Kadın ve erkek birbirlerine ahrete giden yolda yol arkadaşı olurlar dedik. Şimdi bu hususu anlattıktan sonra kadın ve erkek arasındaki aşktan da kısaca bahsedelim. Her birey ahrette dünyadayken kendi yaptıklarından dolayı sorguya çekilecek dedik. Kimse kimsenin günahını veya sevabını kullanamaz. Ve kadın da erkekte sınava çekilecek dedik. Yani buradan anlaşılacağı gibi bütün insanlar kısacık olan dünya yaşamını ahretin tarlası olarak görüp ona göre tohum ekmelidirler. Çünkü ektikleri kadar mahsul elde edebileceklerdir. Söylemek istediğim şu; kadın ve erkek birbirlerine aşık olacaklarına Allah’a aşık olmak için birbirlerine yol göstermelidirler. Çünkü ne kadar büyük olursa olsun, dünyalık her şeyin bir gün biteceği gibi dünyalık aşklarda bitecektir. Ama şurası yanlış anlaşılmasın; kadın ve erkek tabi ki de birbirlerinden hoşlanacaklar, çünkü bu fıtratlarında vardır.
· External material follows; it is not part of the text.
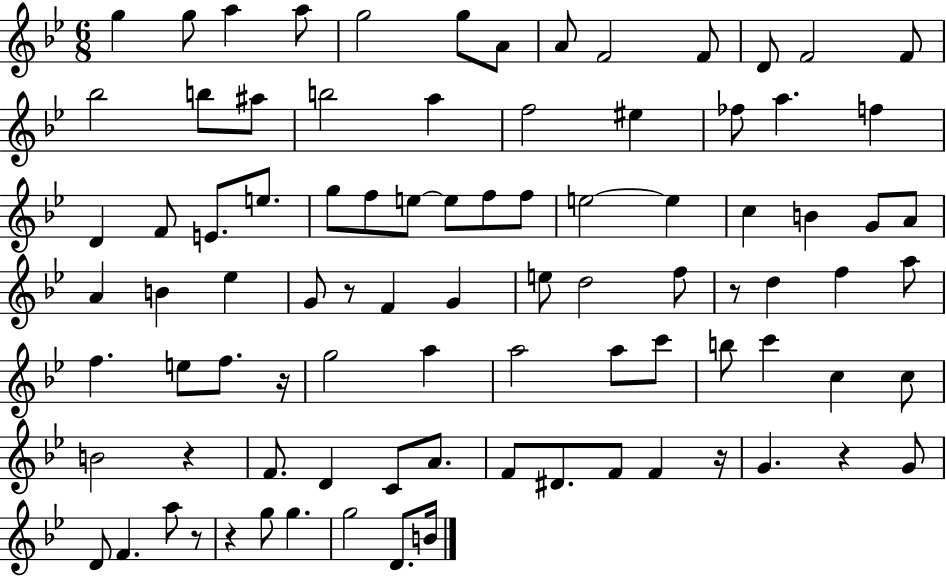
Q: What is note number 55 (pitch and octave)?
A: G5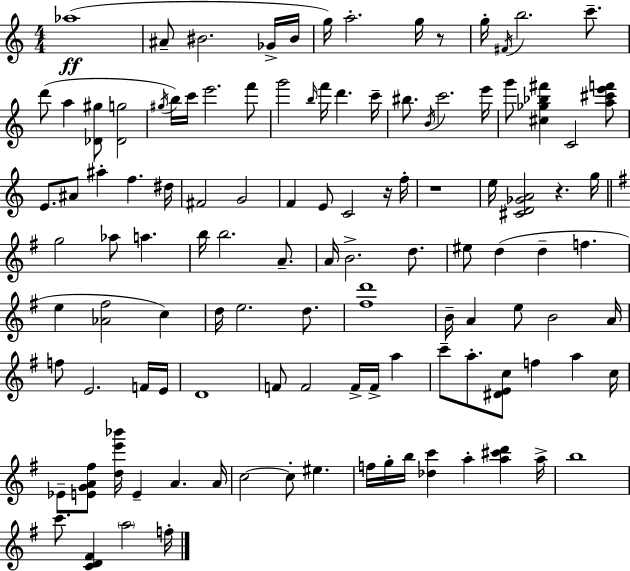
Ab5/w A#4/e BIS4/h. Gb4/s BIS4/s G5/s A5/h. G5/s R/e G5/s F#4/s B5/h. C6/e. D6/e A5/q [Db4,G#5]/e [Db4,G5]/h G#5/s B5/s C6/s E6/h. F6/e G6/h B5/s F6/s D6/q. C6/s BIS5/e. B4/s C6/h. E6/s G6/e [C#5,Gb5,Bb5,F#6]/q C4/h [A5,C#6,E6,F6]/e E4/e. A#4/e A#5/q F5/q. D#5/s F#4/h G4/h F4/q E4/e C4/h R/s F5/s R/w E5/s [C#4,D4,Gb4,A4]/h R/q. G5/s G5/h Ab5/e A5/q. B5/s B5/h. A4/e. A4/s B4/h. D5/e. EIS5/e D5/q D5/q F5/q. E5/q [Ab4,F#5]/h C5/q D5/s E5/h. D5/e. [F#5,D6]/w B4/s A4/q E5/e B4/h A4/s F5/e E4/h. F4/s E4/s D4/w F4/e F4/h F4/s F4/s A5/q C6/e A5/e. [D#4,E4,C5]/e F5/q A5/q C5/s Eb4/e [E4,G4,A4,F#5]/e [D5,E6,Bb6]/s E4/q A4/q. A4/s C5/h C5/e EIS5/q. F5/s G5/s B5/s [Db5,C6]/q A5/q [A5,C#6,D6]/q A5/s B5/w C6/e. [C4,D4,F#4]/q A5/h F5/s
Kadın ve erkek zıt kutuplar olduğu için birbirlerini çekerler demiştik. İnsanoğlunun neslini sürdürebilmek için tabi ki de evlenip, yuva kurup, karı-koca birbirlerini çok ama çok sevmelidirler. Ama işi aşka getirirseniz işte ipler burada kopar. Ben aşkı kalbin ulaşabileceği en son yetkinlik, en yüce sevda olarak görüyorum. Yaratan dururken yine onun yarattığı aciz bir kula aşık olmak niye? Bu eşi benzeri olmayan kainatı, içindeki mükemmel güzelliği, her adımda harika bir zeka ürünü olan bu alemi yaratan dururken, onun yarattığına aşık olmak niye? Dünya bir sınav yeridir. Akıllı bir mümin için dünyalık zevkler gelip geçici, önemsizdir. O hakiki güzelliğe ulaşmak için dünyanın gelip geçici, sahte güzelliğini elinin tersi ile iter. Dünyanın sunduğu bir tepsi baklavayı yiyip, karnını şişirip uykuya dalmaktansa, bir tepsi baklavayı reddeder. Çünkü akıllı bir mümin on dakikalık zevk için iki gün karın ağrısı çekmekten kaçınır. Kısacası; erkeklerde kadınlarda unutmamalıdır ki, eşleriniz sizin ahrete giden yol arkadaşlarınızdır. Aynı rota için yola çıkan her yolcu birbirinden sorumludur.

Etiketler:

Yorumlar

Henüz yorum yapılmamış.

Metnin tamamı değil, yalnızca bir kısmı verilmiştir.